DAY 2: Fasts, Forests, and Fossil Fuels

Julie with an empty food trayOn Day 2 of COP21, around 10,000 people from more than 100 countries fasted in solidarity with those who are affected by climate change, as part of the ‘Fast for the Climate’ movement. Fast for the Climate was born after Filipino diplomat Yeb Saño took a stand against climate inaction in the wake of Typhoon Haiyan; since then, Fast for the Climate has travelled across the globe, and Yeb has too – he walked for 60 days from Rome to Paris. Check out Yeb Saño speaking about Fast for the Climate at COP21.

Green MP Julie Anne Genter was one of the 10,000 who fasted.

Co-leader James Shaw had a different sort of day, spending some time getting up close and personal with the text of the agreement. While there’s a draft agreement already written, it contains more than 1000 brackets. Everything inside the brackets is up for debate, so we’ve got a long way to go.

The focusses of today’s negotiations were ‘forests’ and ‘agriculture’ – both of which are important to New Zealand.

Forests have the ability to act as carbon sinks, meaning they draw carbon out of the atmosphere and lower our total pollution – that makes planting more trees and protecting our native forests even more important.
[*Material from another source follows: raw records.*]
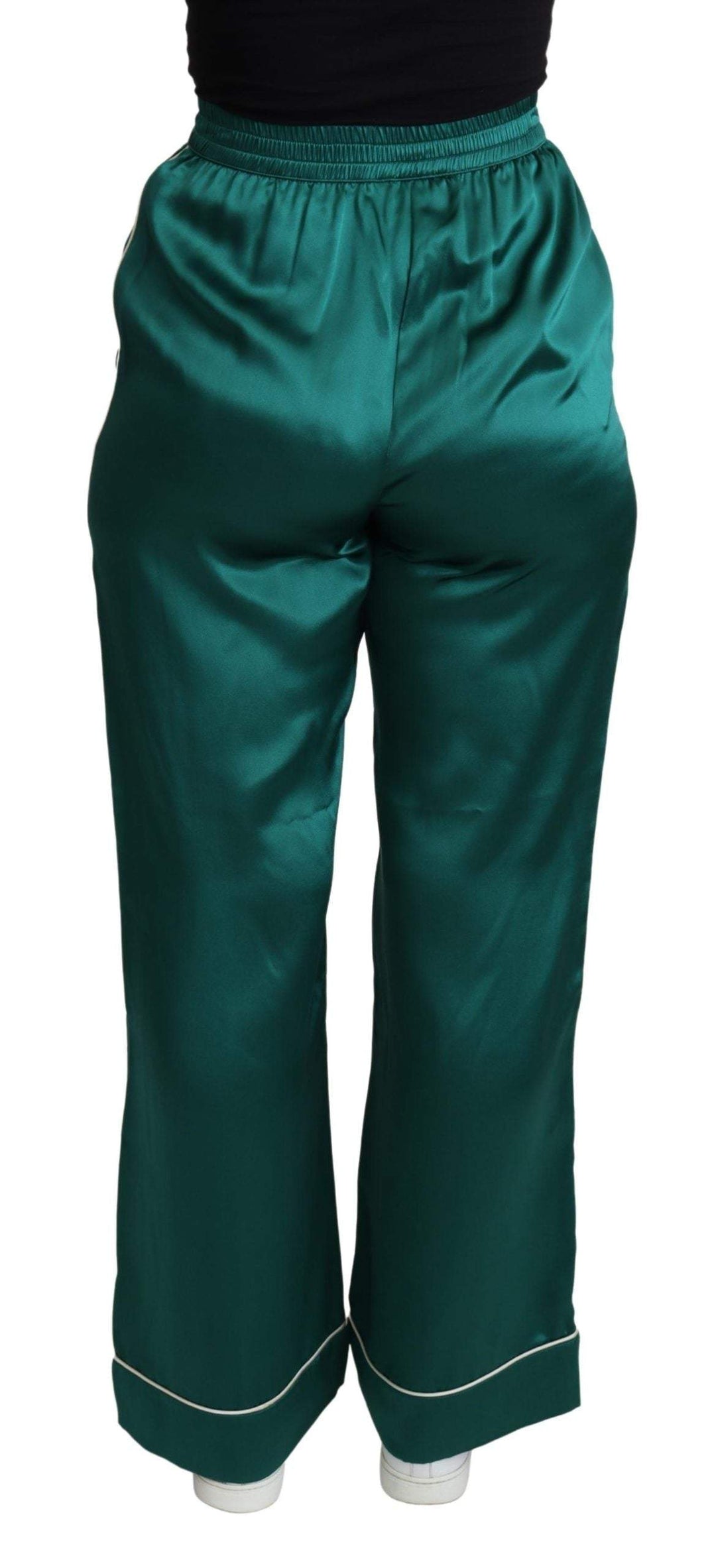 Dolce & Gabbana Green High Waist Pajama Trouser Silk Pant #women, Dolce & Gabbana, feed-agegroup-adult, feed-color-Green, feed-gender-female, Green, IT36 | XS, Jeans & Pants - Women - Clothing, Women - New Arrivals at SEYMAYKA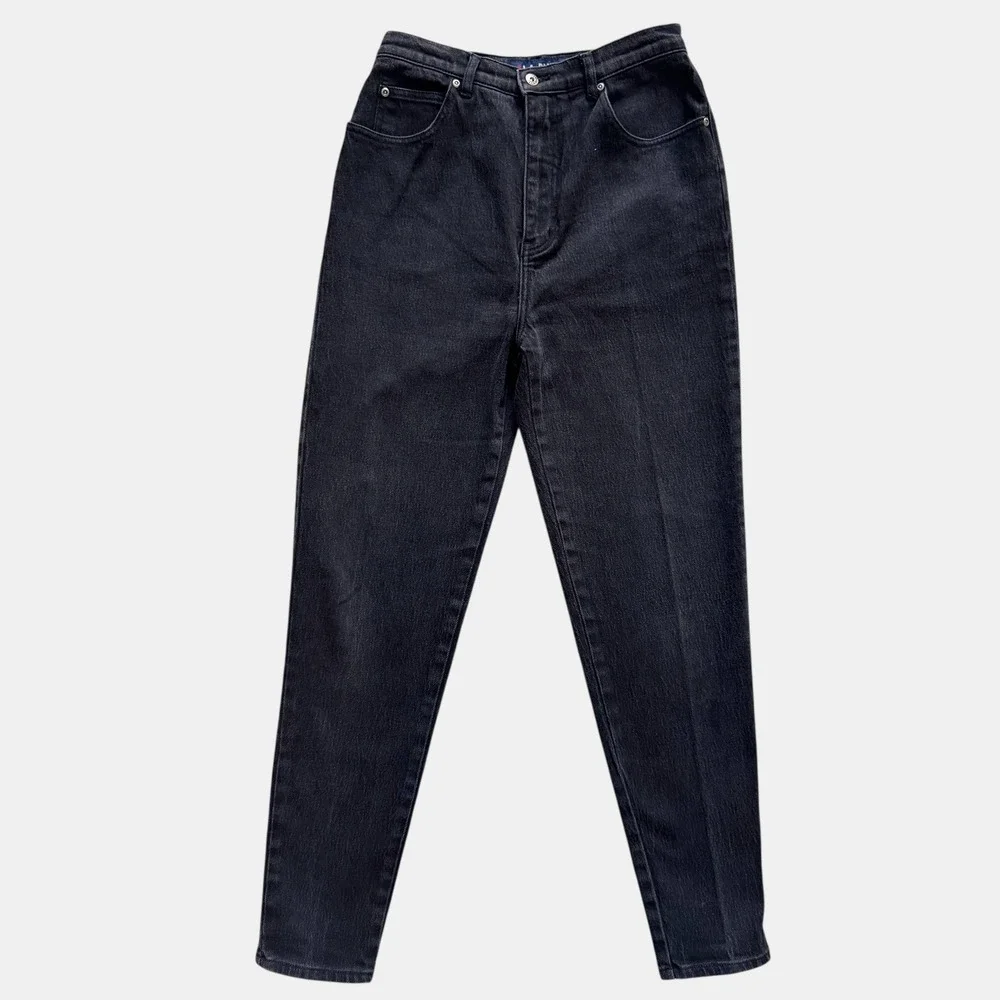 VTG L.A. Blues Black High Rise Mom Jeans Vintage 90s‎ Retro Sz 8 28 tapered leg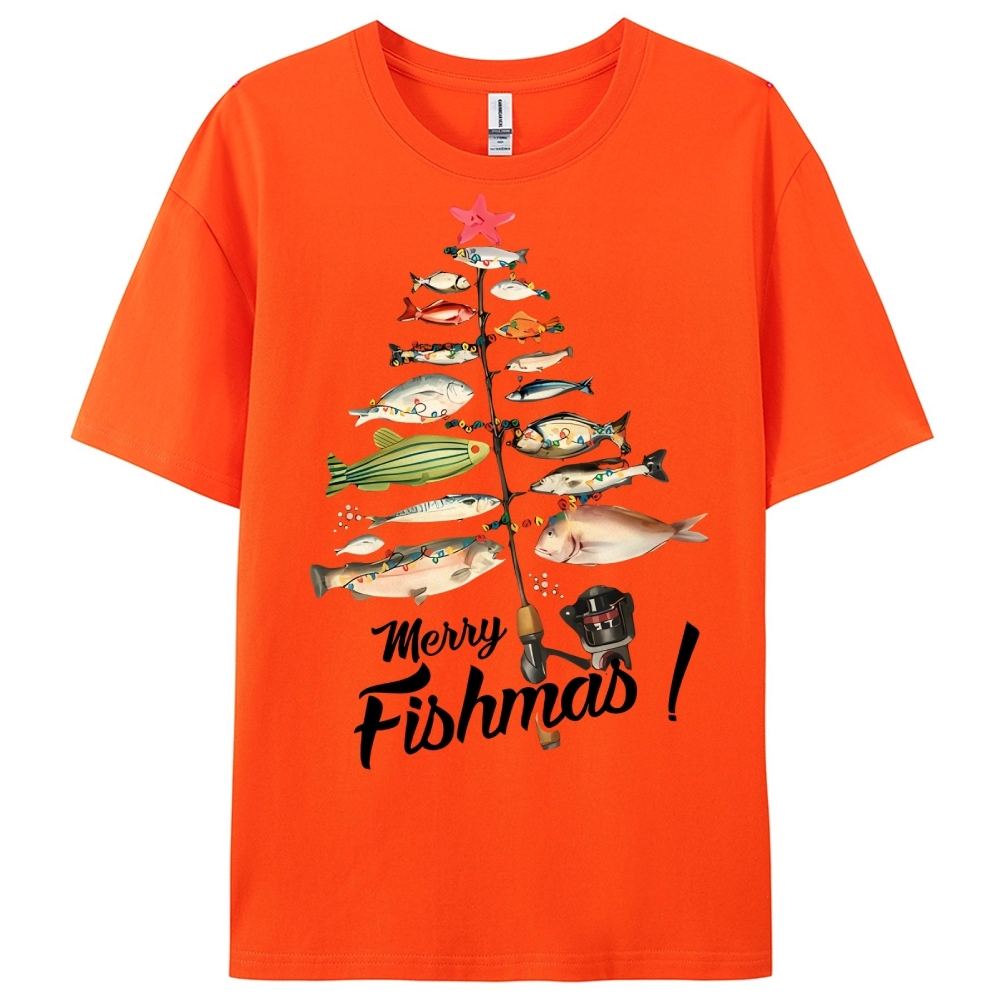 Women's Cotton Merry Fishmas Printed Casual T-Shirt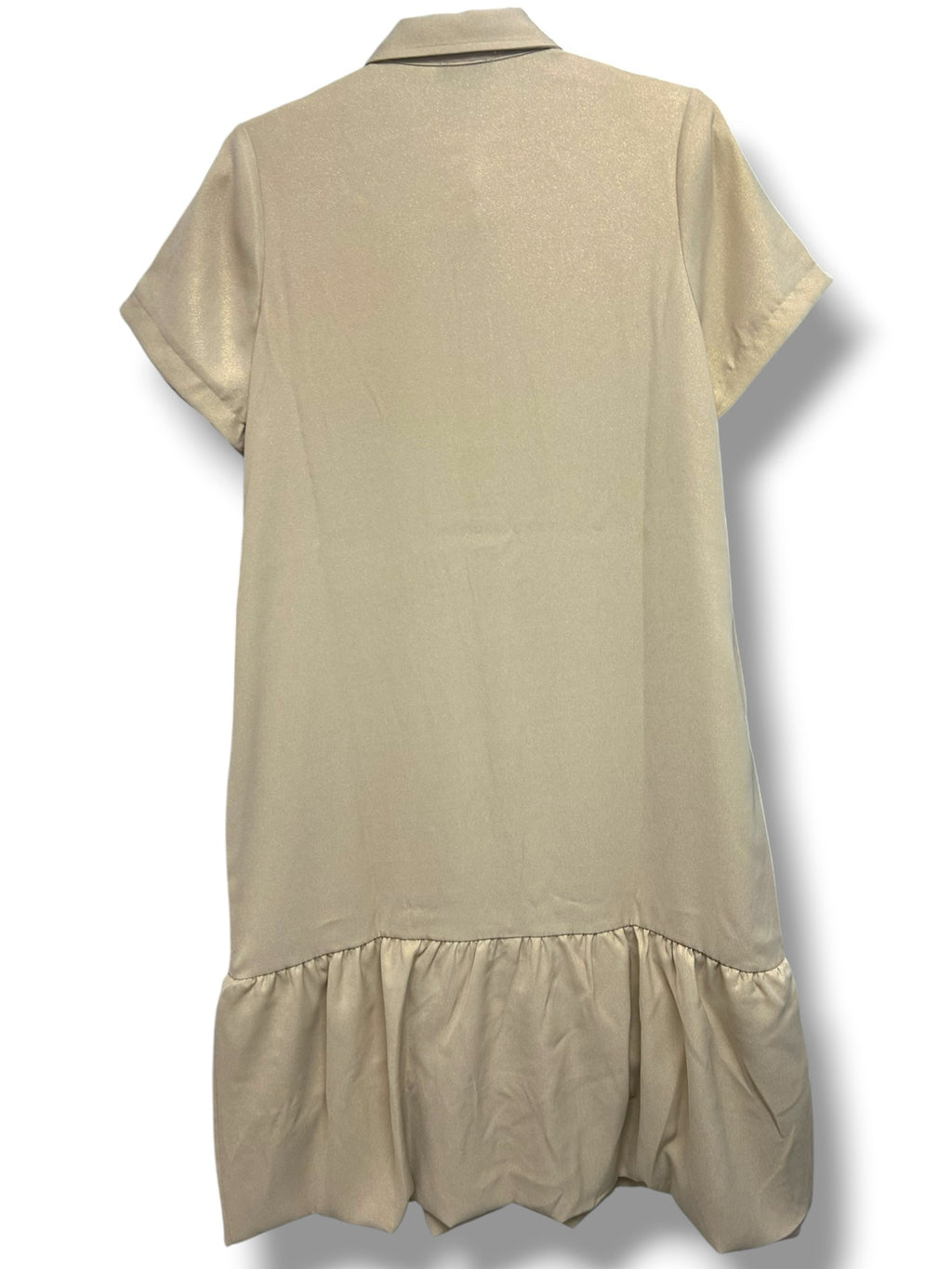 TUCKERNUCK MAXINE SHIMMER BUBBLE HEM MAXI GOLD DRESS SIZE XL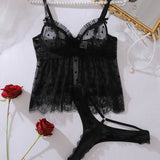 Rosa Conjunto Top De Malla Sensual Y Slip Con Detalles De Encaje Elegante Para Mujer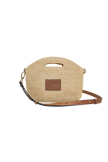 Leather Trimmed Raffia Mini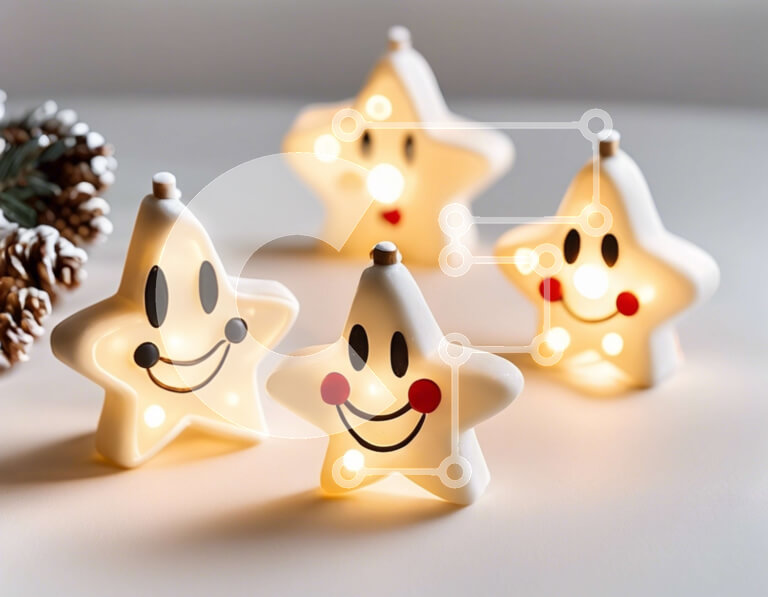 Intra Συλλεκτικό Ξύλινο Παζλ Plywood  4mm - Ομάδα χαριτωμένων κεραμικών ειδωλίων σε σχήμα αστεριού Σε Ξύλινο Κουτί - Διαστάσεις Puzzle: 10x10 cm – 25 κομμάτια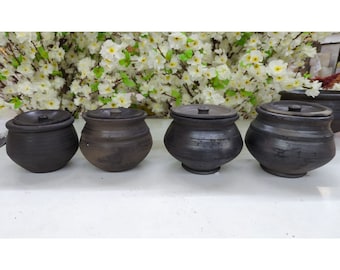 Clay Pot for Cooking Unglazed Clay Handi Earthenware Cooking Pot Handmade Clay Biryani Pot Pottery Pot with Lid Stove Top Vintage Clay Pot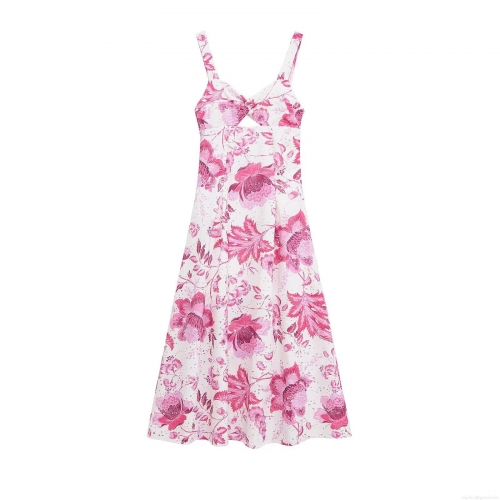 Women's Elegant Eyelet Embroidery Floral Print Maxi Dress Spaghetti Strap V Neck Cutout Backless Summer Vacation Party Lady Dress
The Green Party has a plan to encourage more tree planting – check it out on our one page Yes We Can! policy summary.

Internationally, the way COP addresses deforestation in developing countries falls under a mechanism called REDD+ (Reducing Emissions from Deforestation and Degradation), which aims to protect rainforests from destruction.

Since its conception, the way REDD+ works has posed huge questions about the rights of indigenous communities. New Zealand, as a country that is often held up for enshrining the rights of Maori, should be actively using their knowledge and experience to help the indigenous people fighting for a REDD+ mechanism that protects their rights.

While they’re talking agriculture in Paris it’s a shame that back in New Zealand a review of the cornerstone of the Government’s policy on climate change, the ETS, won’t even include agriculture!

Last but not least, the fossil fuel subsidy reform debacle is still floating around, leaving the Government… sheepish.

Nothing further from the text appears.